Juanyeh Thomas

Profile
- Position: Safety

Personal information
- Born: June 24, 2000 (age 26) Niceville, Florida, U.S.
- Listed height: 6 ft 3 in (1.91 m)
- Listed weight: 217 lb (98 kg)

Career information
- High school: Walton (FL) Niceville (FL)
- College: Georgia Tech (2018–2021)
- NFL draft: 2022: undrafted

Career history
- Dallas Cowboys (2022–2025); Indianapolis Colts (2026)*;
- * Offseason or practice squad member only

Awards and highlights
- Freshman All-American (2018);

Career NFL statistics as of 2025
- Total tackles: 62
- Pass deflections: 5
- Forced fumbles: 1
- Stats at Pro Football Reference

= Juanyeh Thomas =

American football player (born 2000)

Juanyeh Ajah Thomas Sr. (born June 24, 2000) is an American professional football safety. He played college football for the Georgia Tech Yellow Jackets and was signed by the Dallas Cowboys as an undrafted free agent in . He is the older brother of Azareye'h Thomas.

==Early life==
Thomas was born on June 24, 2000. His home in Crestview, Florida, was burned down when he was four years old and his father was charged with having intentionally done it. He thus had to be raised with his four siblings by his single mother, living in various places over the coming years, including in a sedan by a rest stop. Despite his family's circumstances, Thomas was still able to play sports, taking up football at age five.

Thomas attended Walton High School. As a sophomore in 2015, he set a national high school record with interceptions returned for touchdowns in five-consecutive games and set a school record with 8 interceptions in a single-season, while receiving All-area and All-state honors. He transferred to Niceville High School after the season.

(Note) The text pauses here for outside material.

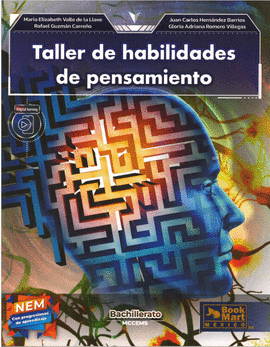 TALLER DE HABILIDADES DE PENSAMIENTO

As a senior in 2017, he had one interception and returned 2 punts for touchdowns, including a school record 90-yard return. He was received All-area and All-state honors for the third straight year. He was ranked a three-star recruit and committed to play college football for the Georgia Tech Yellow Jackets.

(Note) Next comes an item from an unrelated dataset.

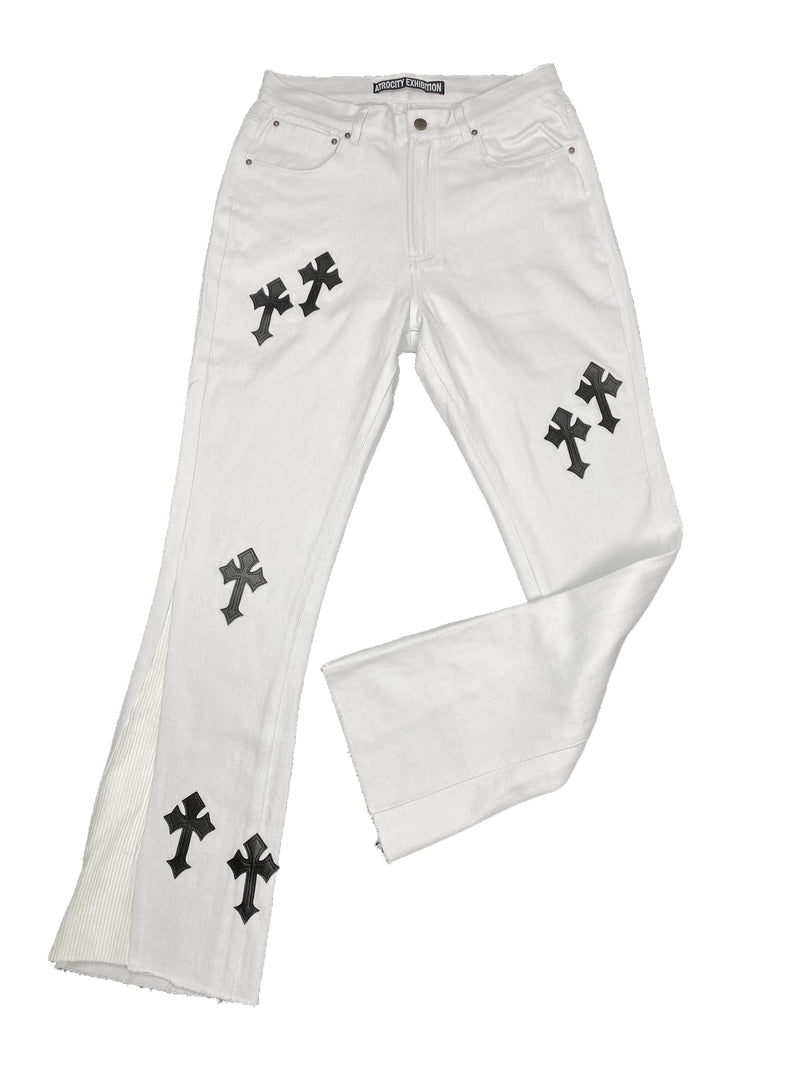 Calça Chrome Hearts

Thomas competed in basketball and track. He was an Honor roll student.

==College career==
As a true freshman in 2018, Thomas served as the team's kick returner and backup safety. He appeared in all 13 games and registered one interception, 3 defensive tackles, 12 special teams tackles (led the team) and 3 non-offensive touchdowns. In the sixth game against the University of Louisville, he returned an interception for a 95-yard touchdown, setting a school record for a freshman, tying the school record for the longest interception return in an ACC game and for the fourth-longest overall. In the eleventh game against the University of Virginia, he became the second freshman in school history to return a kickoff for touchdown (77-yards). In the twelfth game against the University of Georgia, he became the first player in school history to have kickoff returns for touchdowns in two consecutive games, the fourth player to score on a 100-yard kickoff return, the third player and first freshman in school history to have two kickoff returns for touchdowns in a single-season.

As a sophomore, he started 11 out of 12 games at safety, compiling 60 tackles (fourth on the team), 4 pass breakups, one interception and one forced fumble. In the eighth game against the University of Pittsburgh, he had 8 solo tackles, 2 tackles-for-loss and one interception. In the ninth game against the University of Pittsburgh, he had 9 tackles and 2 pass breakups.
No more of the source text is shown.